Friday, August 28, 2015

Getting started with the STM32F7 Discovery board

The other week I got a brand new STM32F7 Discovery board, the fabled Cortex M7 had arrived and performance bliss was at hand ...

... except there were a few minor stumbling stones on the road to paradise ...

this is not an ad for ST, I did pay the full Mouser price.
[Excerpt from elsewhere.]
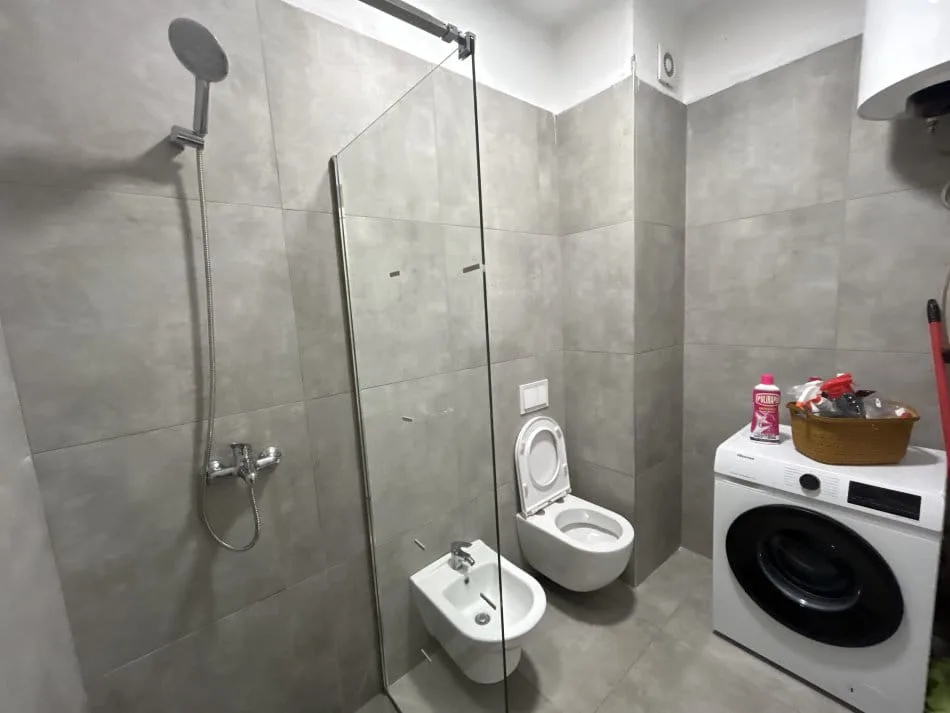 Apartament Me Qera 2+1 Tek 5 Maj (ID B2201361) Tirane.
  • ST programming tools for the ST-Link interface are not available for Mac OSX, and the board does not expose the JTAG/SWD of the Cortex M7, it is only available through the onboard ST-Link adapter chip. The GGC ARM Embedded toolchain was happy to generate code after importing some system defines and startup code from STM32Cube_FW_F7_V1.1.0 library and a bit of tweaking to Makefiles and linker scripts. It was possible to flash the binaries to the board using the USB file system interface, but then there is no debug connection, and it refused load code that was linked to use fast ITCM flash access.
  • With some some work it was possible to add the chip and flash configuration details to the free stlink utility and also tweak the stlink RAM based flash writing code to handle the 64 bit flash access so flash is correctly written, all running on Mac OSX.
  • The example code in the STM32Cube_FW_F7_V1.1.0 library does not by default use the external 25MHz crystal clock, only the onchip internal 16MHz oscillator. The PLL is also not configured by default, meaning the chip runs at 16MHz, and not the 196 or 216 Mhz that should be possible.
  • For optimal performance the linker settings should be configured to make the code use the ART accelerated ITCM flash access at 0x0020000 instead of the normal, slow, flash access at 0x0800000. When the linker was configured this way the ST onboard USB flash loader refused to load code into flash, but stlink utility worked.
  • The external SDRAM for the Discovery board has a different configuration than the one in the "system_stm32f7xx.c" supplied from ST. It seems ST has used the settings for another STM32F7 board and not been careful to make the changes for the F7 Discovery board.
Virtual USB com port was quite easy, it turns out that the USB subsystem is almsot identical to the the one on STMF4 chips.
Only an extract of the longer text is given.